Facebook Live: What We’ve Learned So Far

I’ve been on the whole video marketing bandwagon for at least six years. Even in its infancy, I had an introductory (terrible) video on the Breaking Even site so people could get to know me. Circa 2010 ya’ll:

(Wow, that was painful… but how awesome was my lime green kitchen? I mean really.)

I did videos sporadically but talking at a camera by yourself, well, it’s not very interesting (no matter how informative the material).

When Kassie started working here threeish years ago and she was also not opposed to doing video, we had a weekly Google Hangout for about a year. Since it was live, we stuck to a schedule- Thursdays at 10 a.m.- to take out any guesswork for our fans.

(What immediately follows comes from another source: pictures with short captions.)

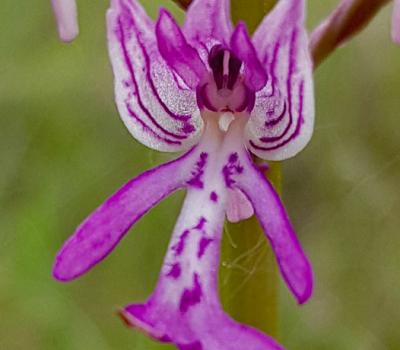 Orchis militaire_Dauphiné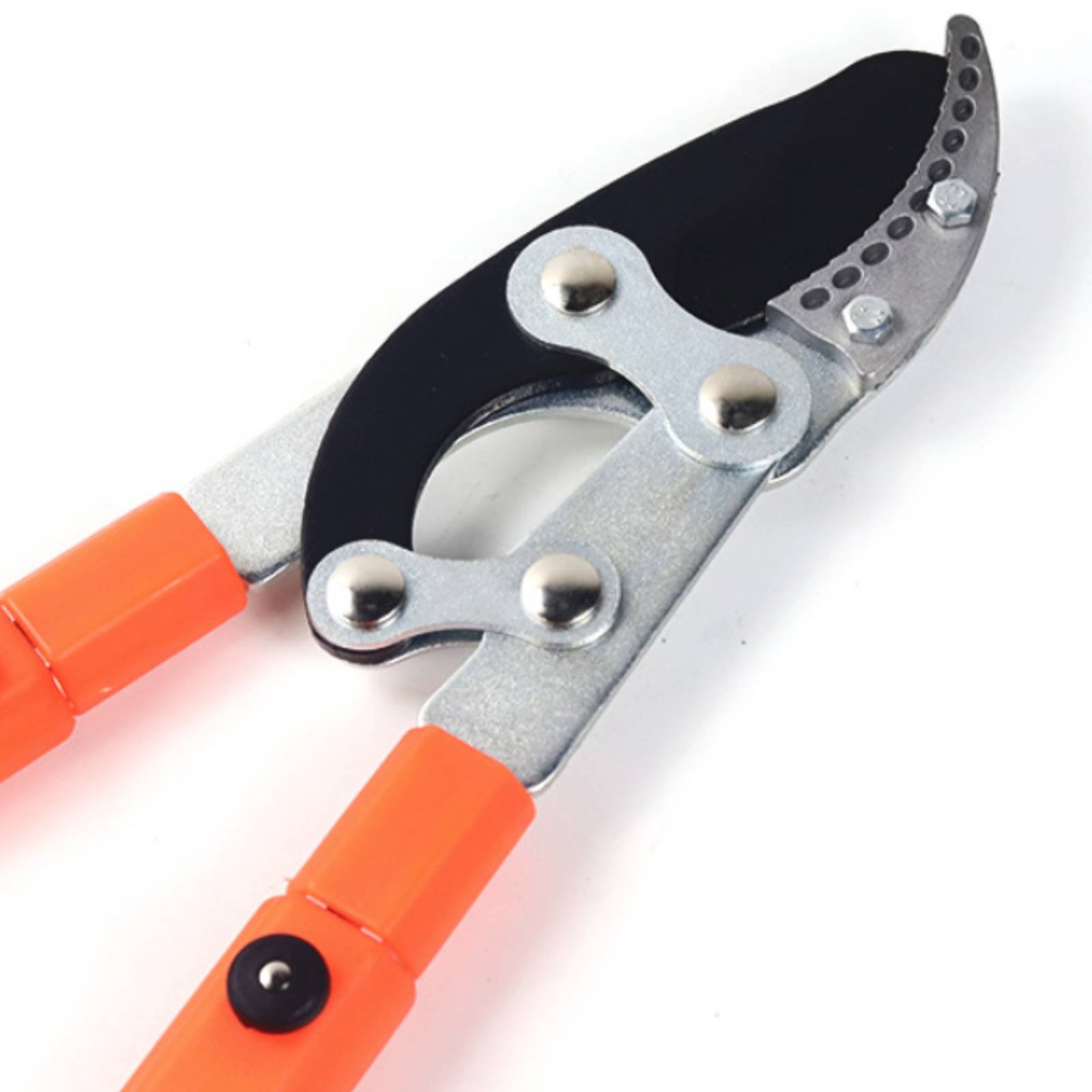 Forbici Telescopiche per Potat - Gardening Tools In recensione e prezzo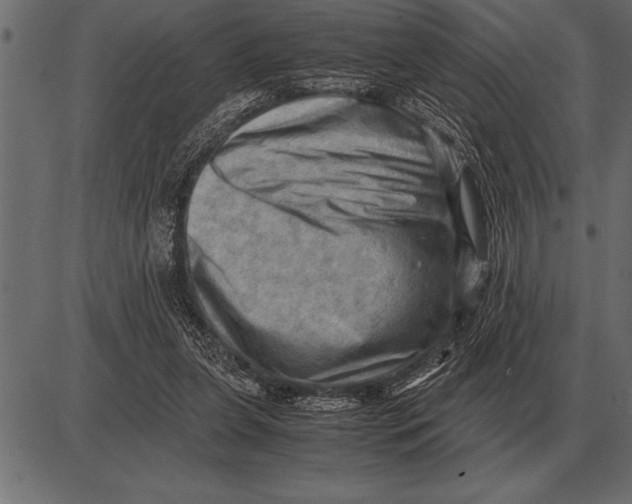 X0000085740255200704091517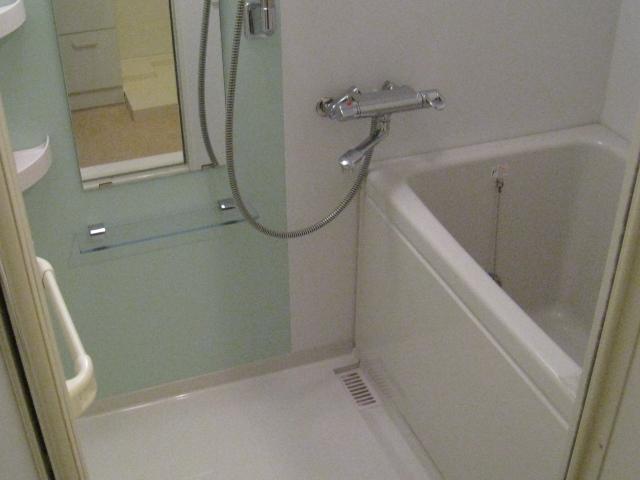 Bathroom. Indoor (10 May 2013) Shooting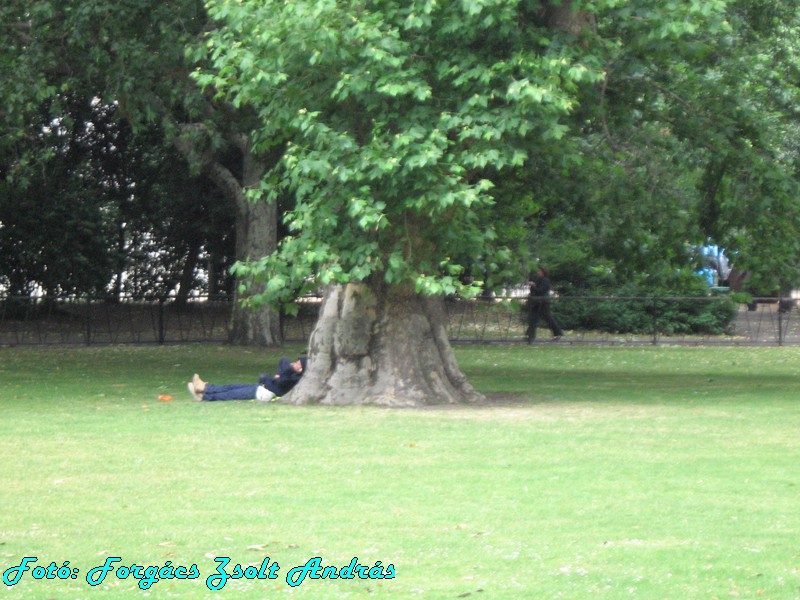 holborn_lincolns_inn_fields_022.JPG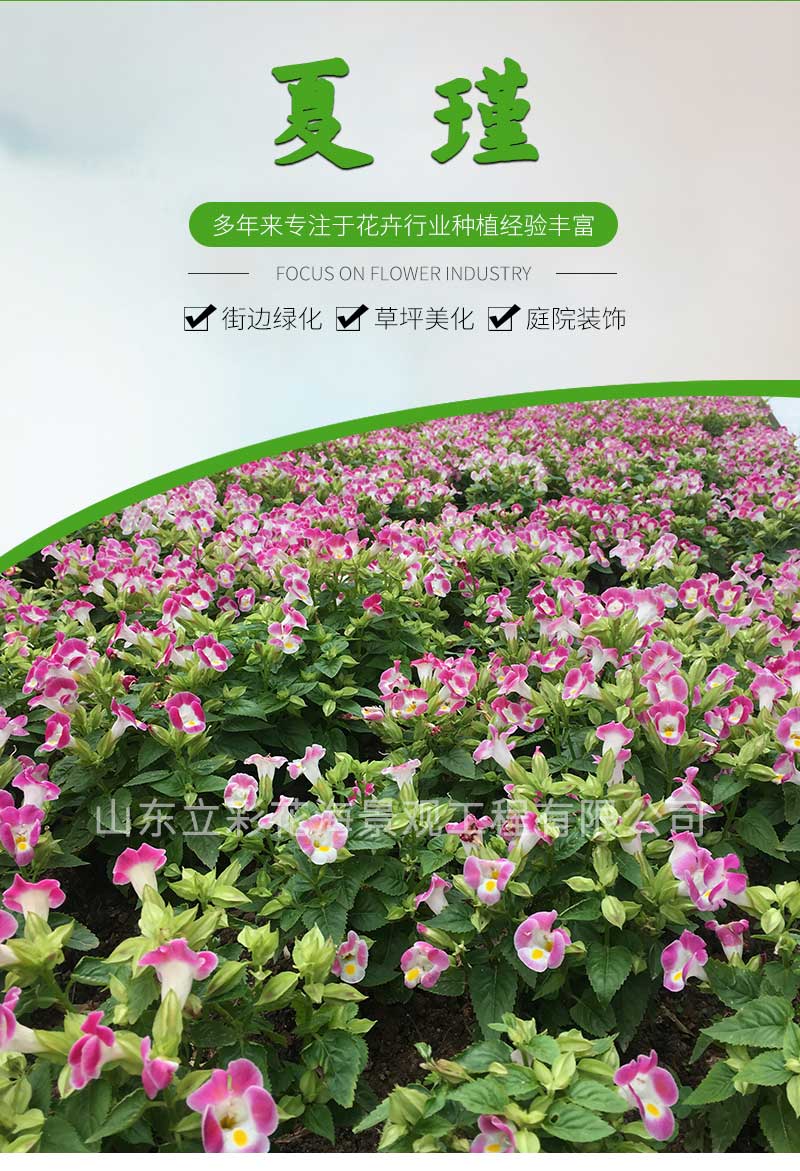 8夏瑾_01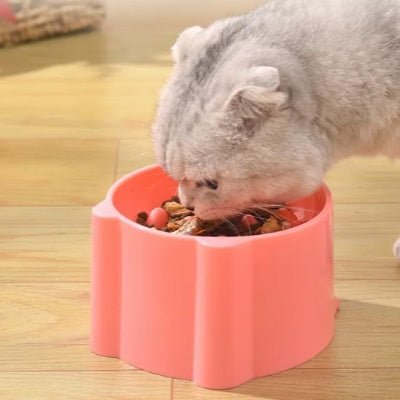 Gamelle anti glouton chat | FeliFeed - Chicetchat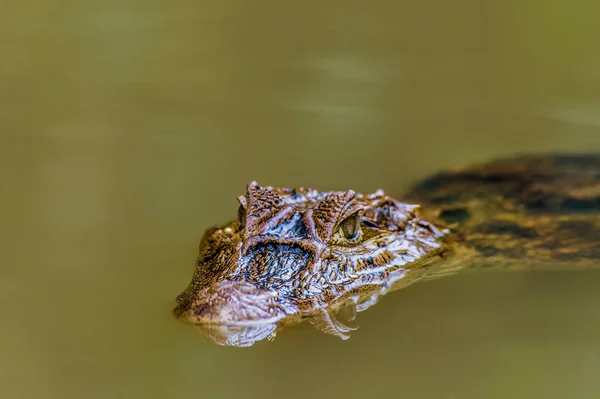 View Head Caiman Surfacing Tributary Tortuguero River Costa Rica Dry — Stock Photo, Image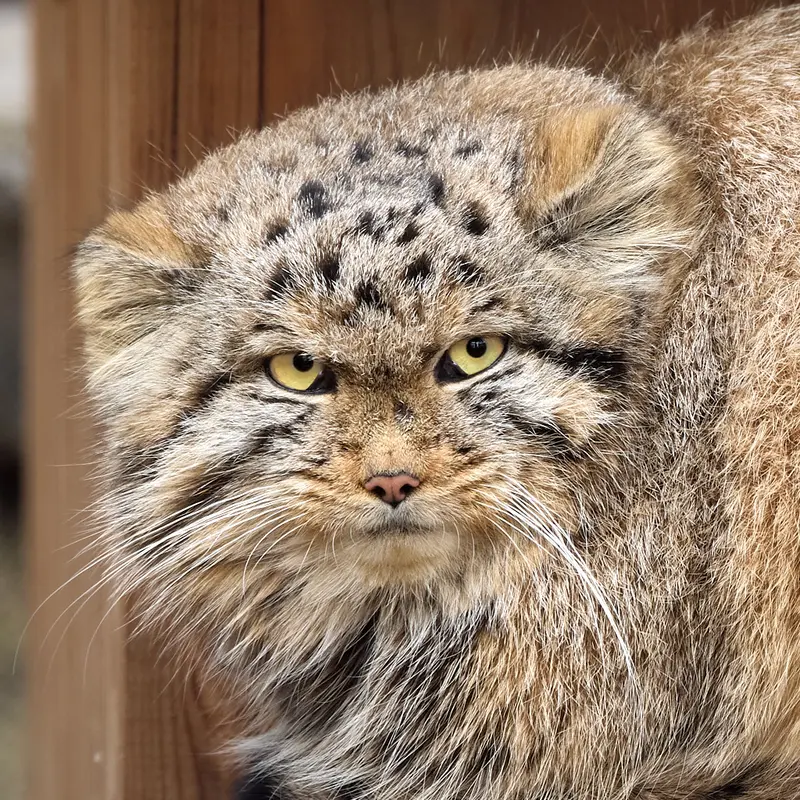 Ginger the Pallas's cat from Novosibirsk Zoo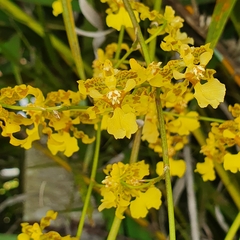 Oncidium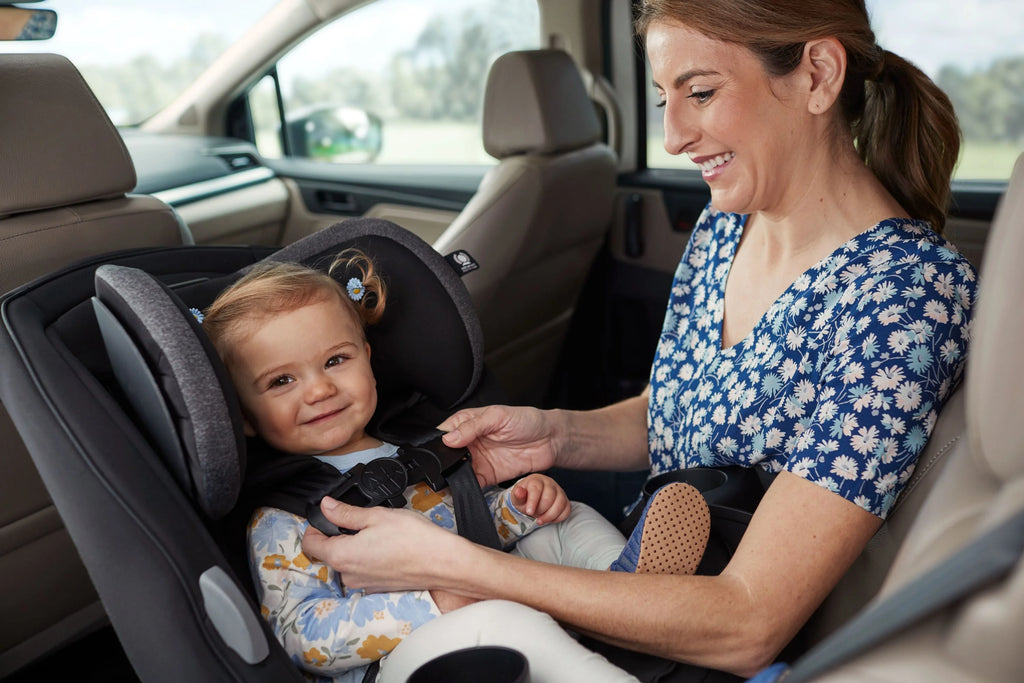 Cranberry Ice All-in-One Convertible Car Seat C7042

Here’s an example of how many people watched us:


99 times. Ever. Like in the video’s entire life.

At first, I took it that people didn’t want to watch us. (Leave it to Self Deprecating Nicole to take it personally right away initially.)… Until I thought about it and realized 1) Not many people are generally using Google+ and 2) Our target customers tend to be not on this network anyway, and if they are, they most likely aren’t “on” it frequently enough to watch videos.

When Periscope (live video tied to Twitter) came out, we got a bit more popular:


(I get that this is only 50 viewers compared to the 99 on Youtube but this was 1) way less promoted and 2) only available on mobile- while the other one is available everywhere so despite the number being smaller, I think it’s more impressive.)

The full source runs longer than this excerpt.